Been thinking about getting a new pet or companion? Are you prepared for it? Some of the greatest moments in our life include the day we met our pets for the first time, and the day we adopted them and they came home with us and slowly became a part of our life. Here are 7 things to consider before bringing a new dog or cat home.
- Can You Commit?
Adopting a pet is no easy feat. Think of it as going through a relationship or taking care of a baby. Will you have the time to walk your dog at least three times a day? Will you remember to exercise your cat every evening? Are you prepared to clean up their waste? Are you prepared to feed them regularly and give them a bath at least once a week? If the answer is no, and you have no one who can perform those essential tasks, you should stop right here and consider a fish or a parakeet as a low-demand animal companion.
- Will Your Pet Fit Your Lifestyle?
Choosing a pet based on how popular or cute it is, is undoubtedly one of the worst decisions soon to be pet owners make. Too often these pets are hurriedly dropped at an animal shelter when they show themselves to be too high energy, too needy, too intolerant. The list is endless.
Get to know the breed you are interested in and be open to changing your mind if it doesn’t fit your ability to provide for its temperament. Ask lots of questions from the people adopting the animal out, maybe even find a breed specific group to ask questions of some of the members. Are you a fit junkie? Or are you looking for a lap dog or just a lazy bum cat you can play with every now and then?
- Make Your Home Pet-Friendly
Did you know that something as simple as chewing gum or chocolates can be deadly for dogs? Or that ibuprofen is toxic to cats? It is with utmost importance to go through your home now and pet-friendly it, before you bring a new companion to your home. Search out hazards and get them out of the way or out of the house. Even make clear of those breakable items such as vases and urns.
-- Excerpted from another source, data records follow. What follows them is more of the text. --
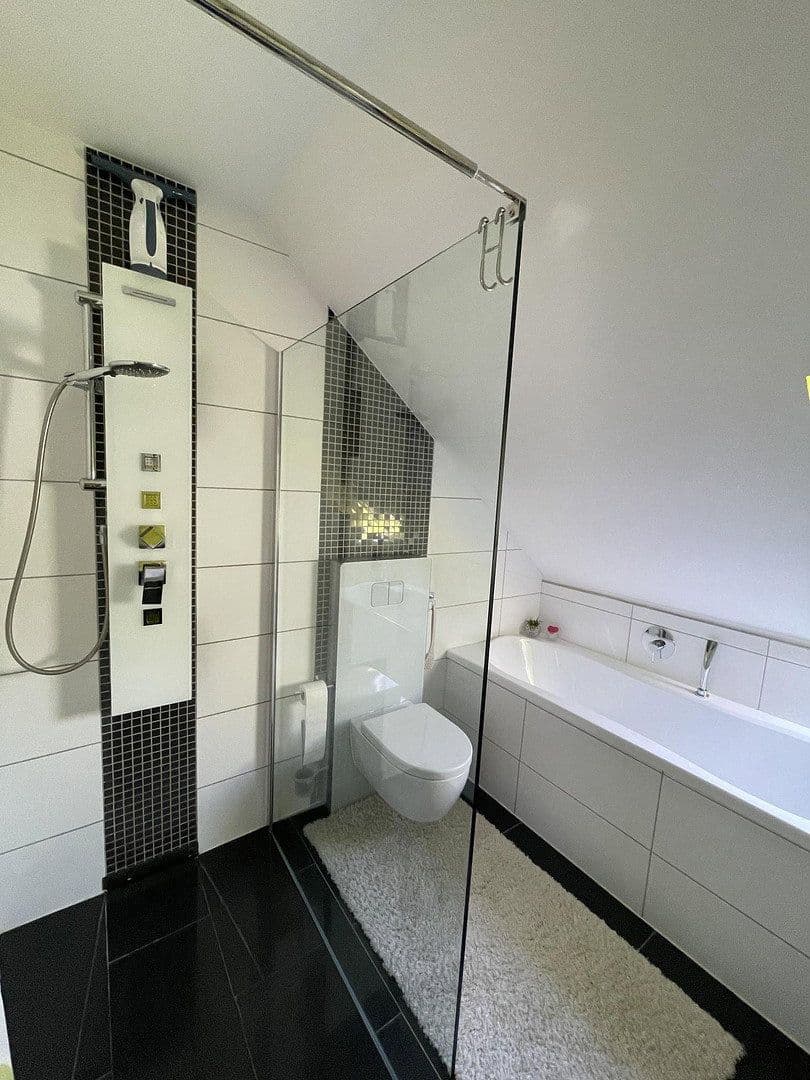 Prodej domu 117 m², pozemek 292 m², Berlin, Berlín Prodej domu 117 m², pozemek 292 m², Berlin, Berlín
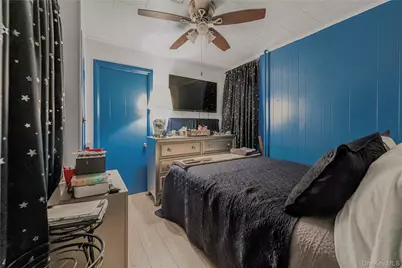 139 Voss Avenue, Yonkers, NY 10703 - Photo 19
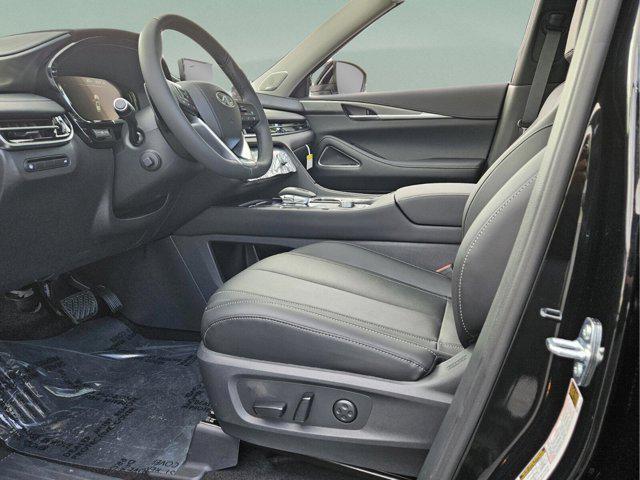 new 2025 INFINITI QX60 car, priced at $60,823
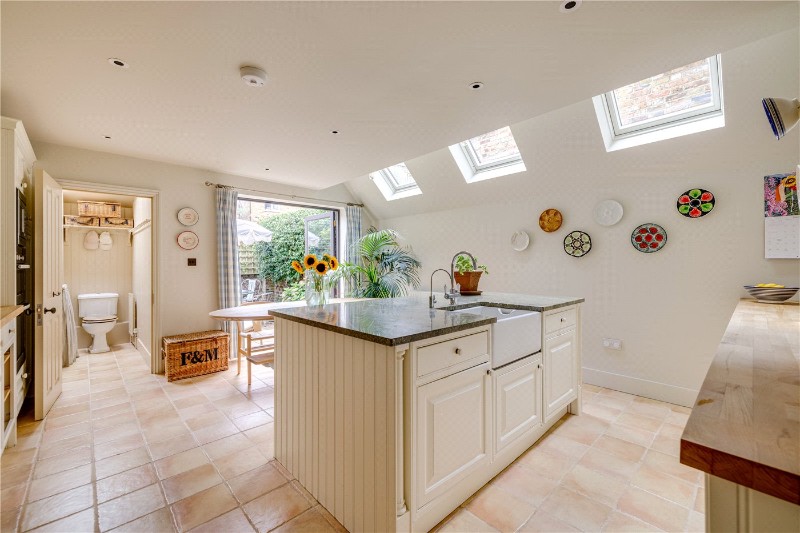 Gastein Road, London, W6
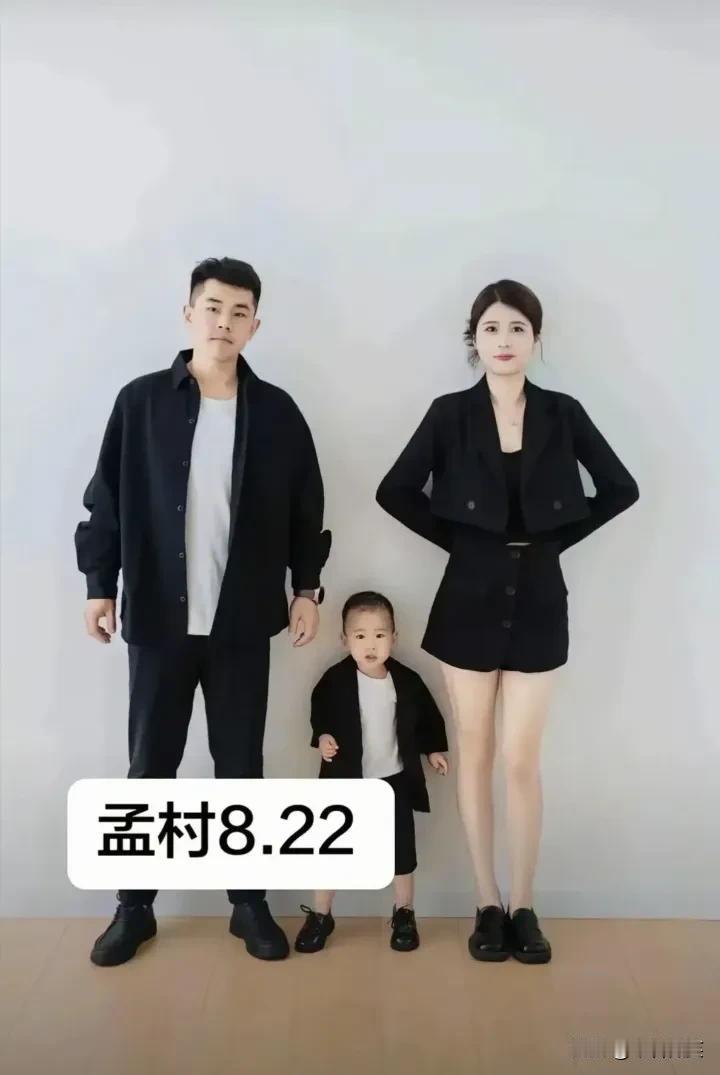 据网友透露，金某一家人都吃公家饭，金某本人在检察院工作。

金某的家暴行为，双方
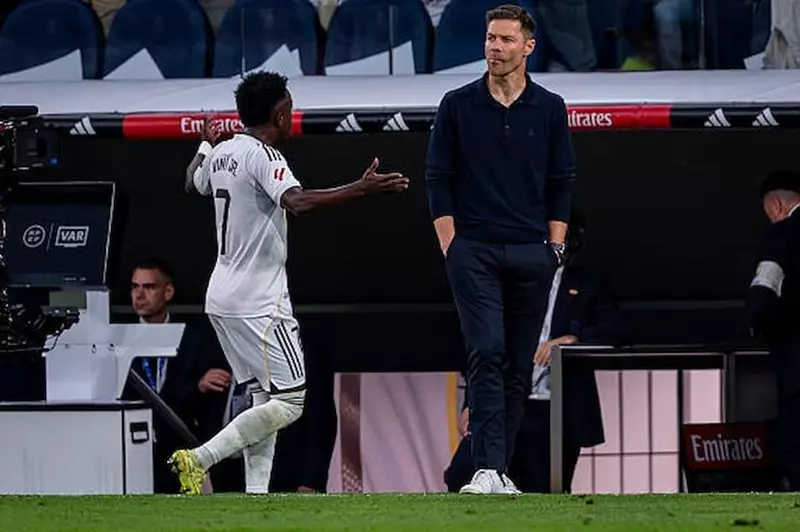 «تطور مثير خلال مفاوضات ريال مدريد لتجديد عقد فينيسيوس»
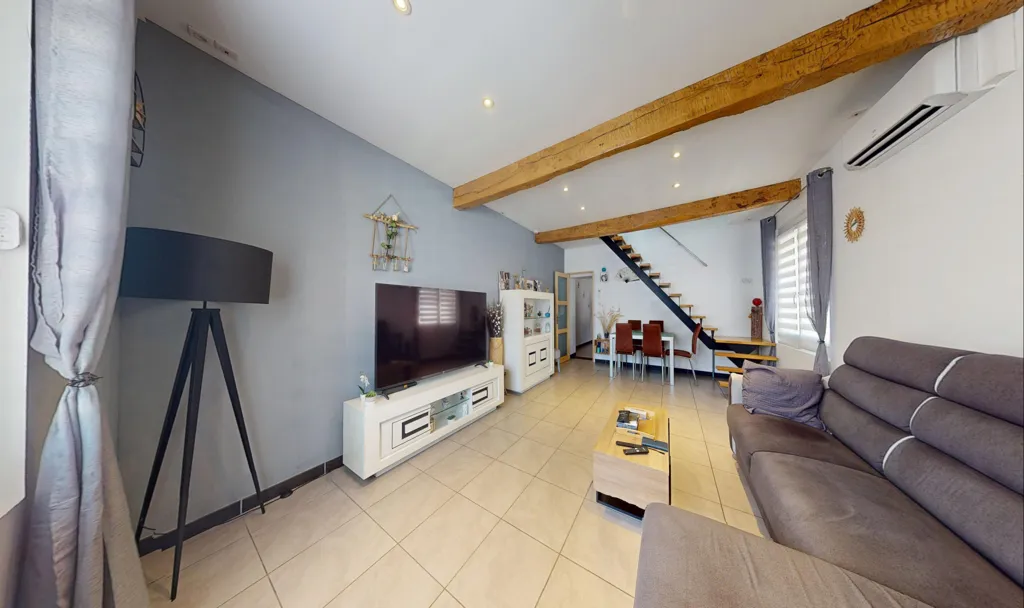 Elutuba - Spacious Townhouse with Garage in City Centre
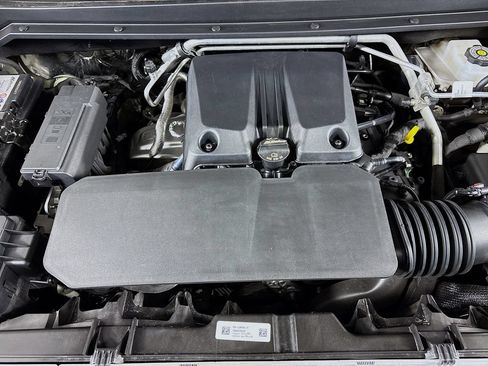 Certified 2024 Chevrolet Colorado Z71 w/ Z71 Convenience Package 2 AWD/4WD image 34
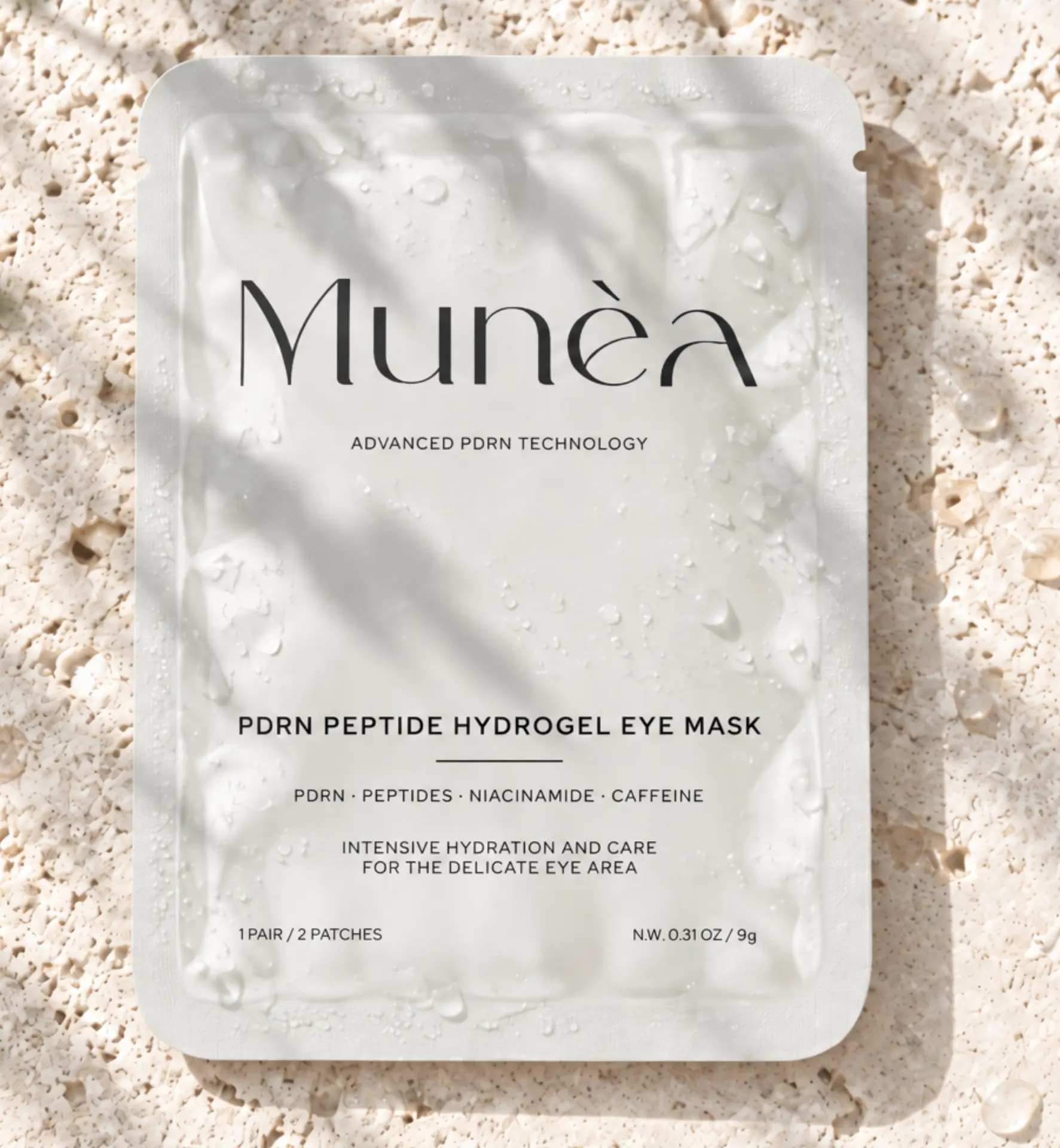 Close view of the Munèa PDRN hydrogel eye mask sachet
- Look for the appropriate pet food
Not all pet foods are alike. Some are better than others, and some make claims that are not always backed by facts. It would be easy to just grab the pet food bag or can with the nicest design on the cover, but that is not what is going to guarantee our pets’ long term health. Choose the best food for your dog or cat and always look for a diet labeled complete and balanced. Make sure to check the labels if it is suitable for the age of your companion.
- Train Your Pet
Now this is one of the golden rules of the commandments. If you don’t want to give yourself a difficult time in cleaning up, make sure you prep up in teaching them the do’s and don’ts. If your happy home is going to remain a happy home, the housetraining will need to start immediately after bringing your pet home. If you are adopting a cute little kitten, introduce him/her to his/her litterbox as soon as possible. If it is a puppy, leash him up and take him outside to start getting to know his new home. Most puppies will be intimidated by their new surroundings, and you don’t want to put a fright into your puppy. A very short walk on the first outing is all that is needed.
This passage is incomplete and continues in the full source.